Understandably, freed slaves would not be the first choice of employers in the South, but what about the North? Wasn’t the North the champion that freed the slaves and cared about them to the point of committing the ultimate sacrifice to free them? What would be the economic state of African-Americans today if their freed slave ancestors had been allowed to work in the mines or build America’s railroads?...
The Civil War cost of over 620,000 American lives. (American Battlefield Trust, n.d.) The emancipation proclamation freed an estimated 3 to 4 million slaves. (History.com Editors, 2019)
In a sense, then, 3 to 4 million people instantly became unemployed and homeless. Also, these 3 to 4 million people, even though emancipated, now encountered a new government that openly preferred white immigrants for the many jobs needed to build a great America. (Harris, 2012)
The laborers who irrefutably had made the American South great were cast aside when America looked to make the North and the West great.
If there is any dispute over the notion that slave labor made the American South or the American economy great, consider this quote by Ta-Nehisi Coates: “At the onset of the Civil War, our stolen bodies were worth four billion dollars, more than all of American industry, all of American railroads, workshops, and factories combined, and the prime product rendered by our stolen bodies—cotton—was America’s primary export…The enslaved…were people turned to fuel for the American machine.” (Coates, n.d.)

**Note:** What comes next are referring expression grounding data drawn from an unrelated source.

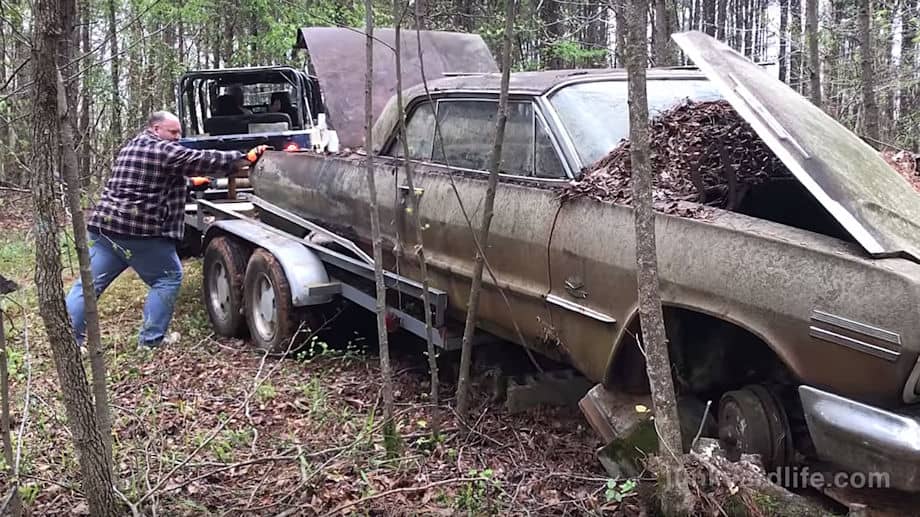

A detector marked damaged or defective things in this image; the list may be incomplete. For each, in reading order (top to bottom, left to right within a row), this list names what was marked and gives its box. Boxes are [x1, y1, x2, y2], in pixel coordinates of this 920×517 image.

rusted car body [250, 30, 920, 490]
broken car window [548, 77, 724, 166]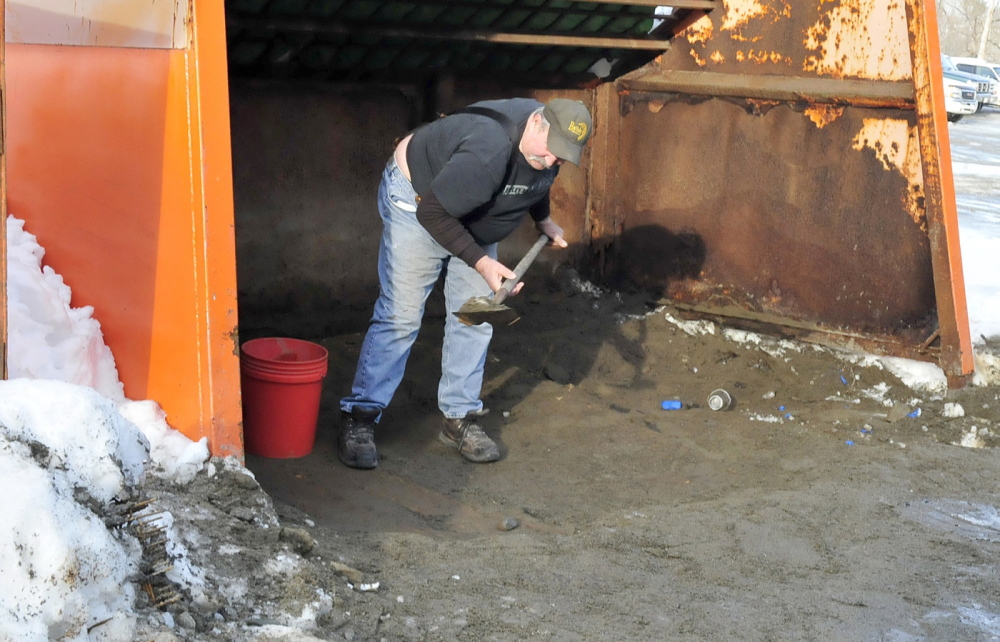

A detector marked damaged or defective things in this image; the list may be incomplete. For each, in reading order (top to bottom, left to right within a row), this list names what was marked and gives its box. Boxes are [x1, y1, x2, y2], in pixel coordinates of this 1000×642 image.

rust stain [800, 0, 912, 80]
rust stain [804, 102, 844, 126]
rusty metal wall [592, 0, 968, 378]
rust stain [852, 118, 928, 228]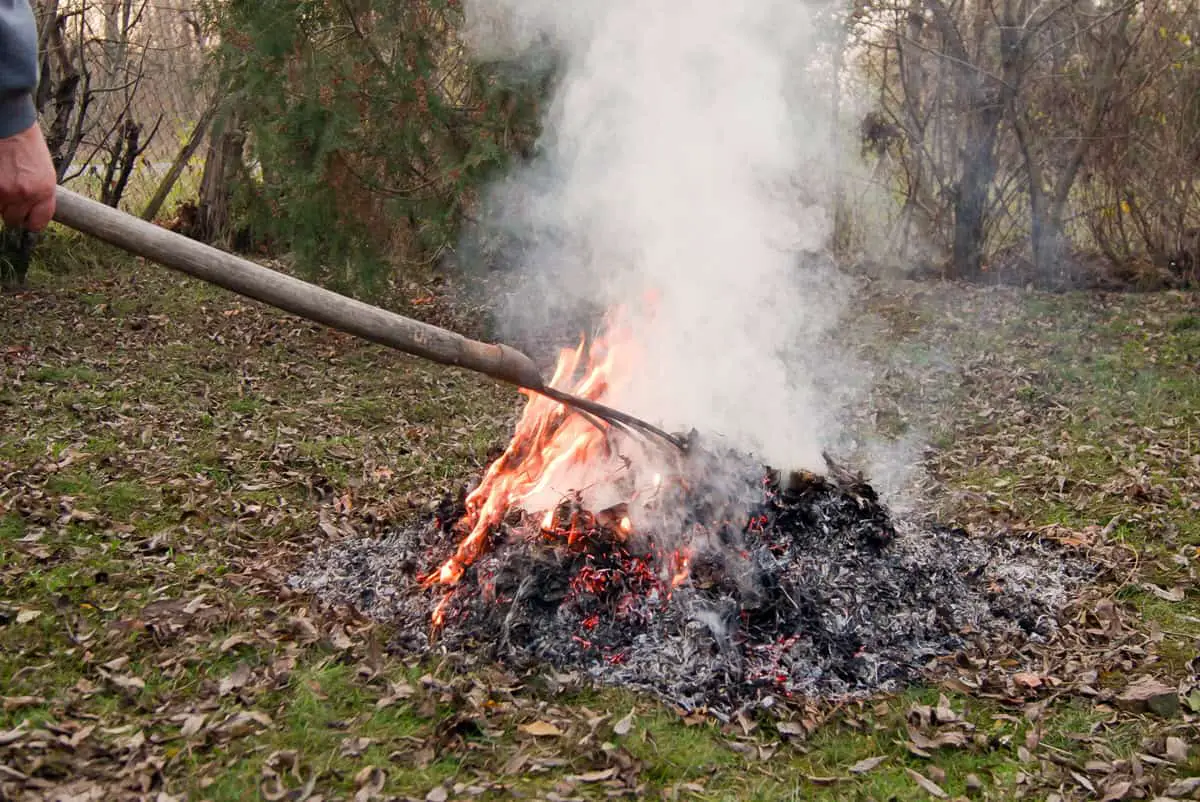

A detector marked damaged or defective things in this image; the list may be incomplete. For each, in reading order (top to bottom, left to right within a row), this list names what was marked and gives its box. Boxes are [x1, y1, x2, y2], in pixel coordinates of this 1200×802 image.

burnt material [290, 450, 1088, 712]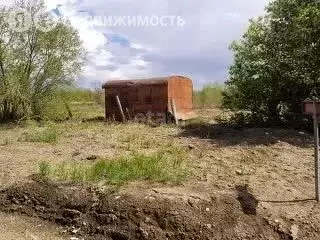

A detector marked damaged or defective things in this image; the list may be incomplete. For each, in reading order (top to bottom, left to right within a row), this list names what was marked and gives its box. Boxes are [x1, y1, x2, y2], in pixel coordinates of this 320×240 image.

rusty metal container [101, 76, 194, 123]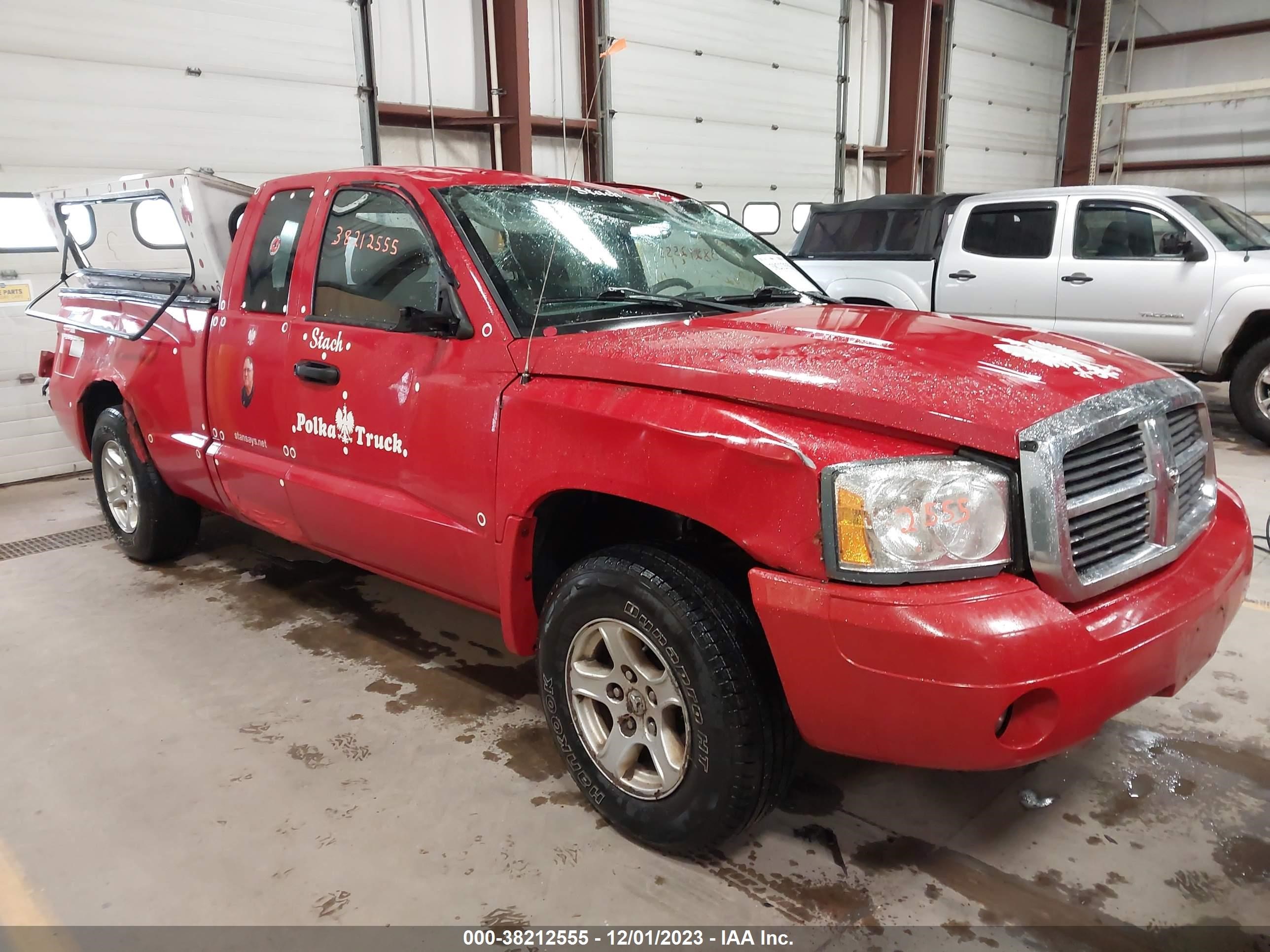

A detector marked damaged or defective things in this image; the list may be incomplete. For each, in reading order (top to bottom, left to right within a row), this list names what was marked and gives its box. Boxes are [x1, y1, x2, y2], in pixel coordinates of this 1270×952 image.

cracked windshield [437, 184, 812, 338]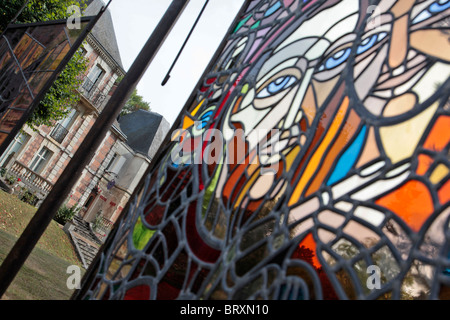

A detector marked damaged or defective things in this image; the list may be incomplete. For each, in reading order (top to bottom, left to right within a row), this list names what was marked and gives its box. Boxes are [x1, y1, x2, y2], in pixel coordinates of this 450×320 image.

rusty metal pole [0, 0, 188, 298]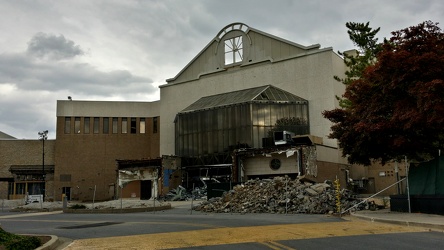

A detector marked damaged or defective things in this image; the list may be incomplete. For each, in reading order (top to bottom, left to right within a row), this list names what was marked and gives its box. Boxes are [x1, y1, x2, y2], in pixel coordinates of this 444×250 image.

broken window [225, 36, 243, 66]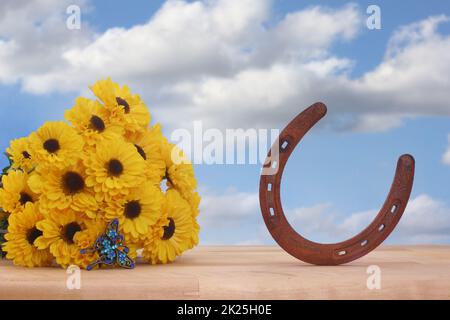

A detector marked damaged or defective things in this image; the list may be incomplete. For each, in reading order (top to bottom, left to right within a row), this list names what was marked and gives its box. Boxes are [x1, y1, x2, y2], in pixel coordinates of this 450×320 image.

rusty horseshoe [260, 102, 414, 264]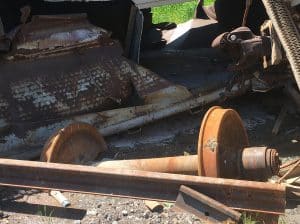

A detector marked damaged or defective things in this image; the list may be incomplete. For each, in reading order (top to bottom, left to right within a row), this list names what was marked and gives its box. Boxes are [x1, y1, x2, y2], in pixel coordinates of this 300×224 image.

If you consider that these 3 to 4 million emancipated slaves instantly became unemployed and homeless, under a new government that was not looking to employ them, you can see why sharecropping became the only option for many. For those not familiar with sharecropping, here is a very simple definition “a type of farming in which families rent small plots of land from a landowner in return for a portion of their crop, to be given to the landowner at the end of each year.” (Harris, 2012)
This definition, however, falls far short of describing the terrible system of sharecropping that the emancipated slaves, the hundreds of thousands or millions of newly unemployed and homeless people who remained in the South, had to endure…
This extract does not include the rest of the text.